Work instructions:
Without the images, output every record exactly as it appears.

(Short web captions)
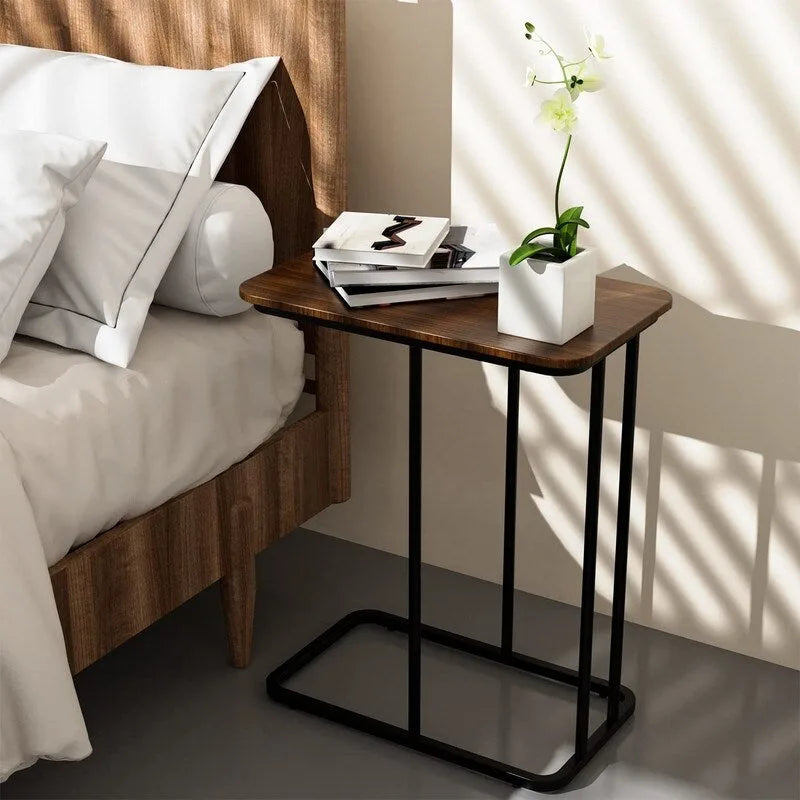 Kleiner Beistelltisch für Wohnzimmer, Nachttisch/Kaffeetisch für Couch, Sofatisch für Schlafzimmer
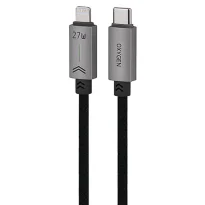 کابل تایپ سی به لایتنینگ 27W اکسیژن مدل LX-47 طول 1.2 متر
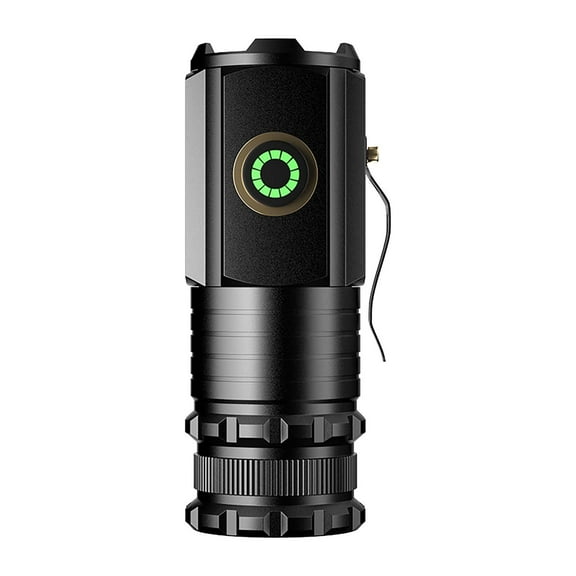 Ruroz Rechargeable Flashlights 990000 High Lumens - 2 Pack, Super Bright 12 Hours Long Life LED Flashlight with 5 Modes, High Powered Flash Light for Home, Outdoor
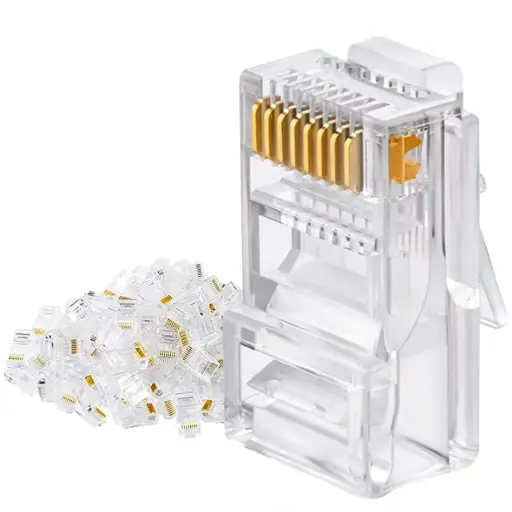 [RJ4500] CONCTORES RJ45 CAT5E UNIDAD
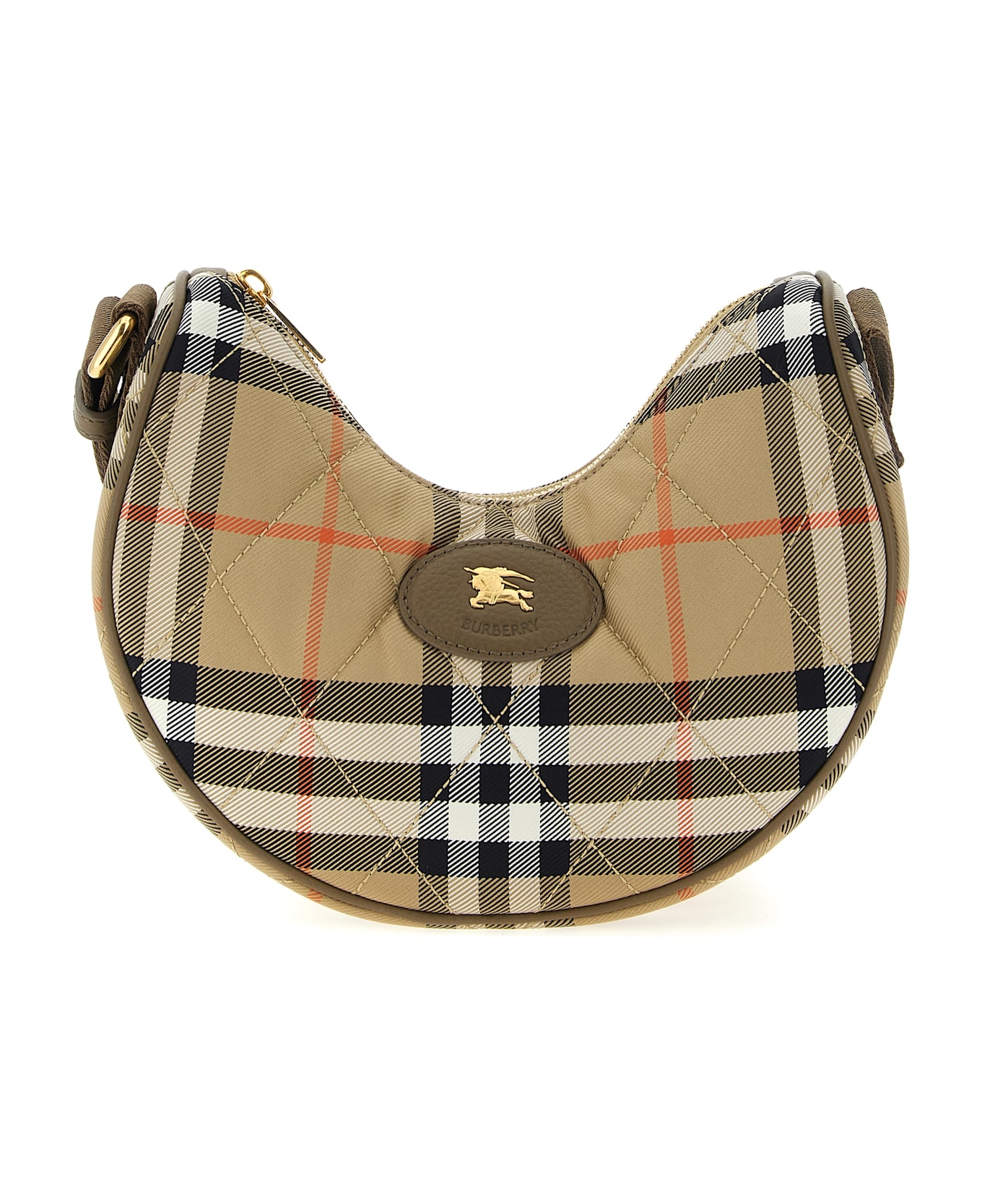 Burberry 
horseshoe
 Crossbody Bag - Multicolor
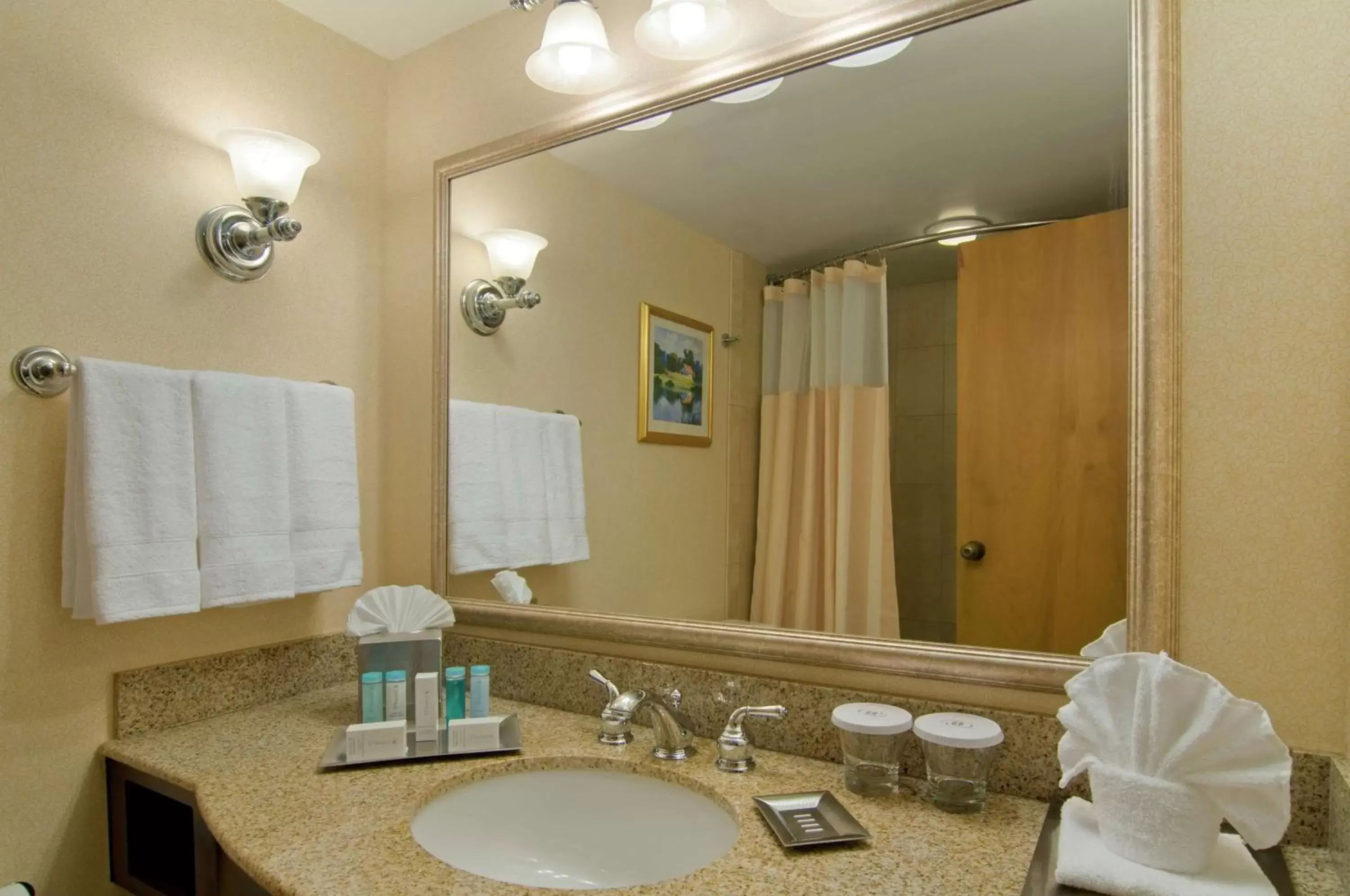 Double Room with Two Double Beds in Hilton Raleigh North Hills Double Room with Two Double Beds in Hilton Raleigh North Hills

Answer section:
 Kleiner Beistelltisch für Wohnzimmer, Nachttisch/Kaffeetisch für Couch, Sofatisch für Schlafzimmer
 کابل تایپ سی به لایتنینگ 27W اکسیژن مدل LX-47 طول 1.2 متر
 Ruroz Rechargeable Flashlights 990000 High Lumens - 2 Pack, Super Bright 12 Hours Long Life LED Flashlight with 5 Modes, High Powered Flash Light for Home, Outdoor
 [RJ4500] CONCTORES RJ45 CAT5E UNIDAD
 Burberry 
horseshoe
 Crossbody Bag - Multicolor
 Double Room with Two Double Beds in Hilton Raleigh North Hills Double Room with Two Double Beds in Hilton Raleigh North Hills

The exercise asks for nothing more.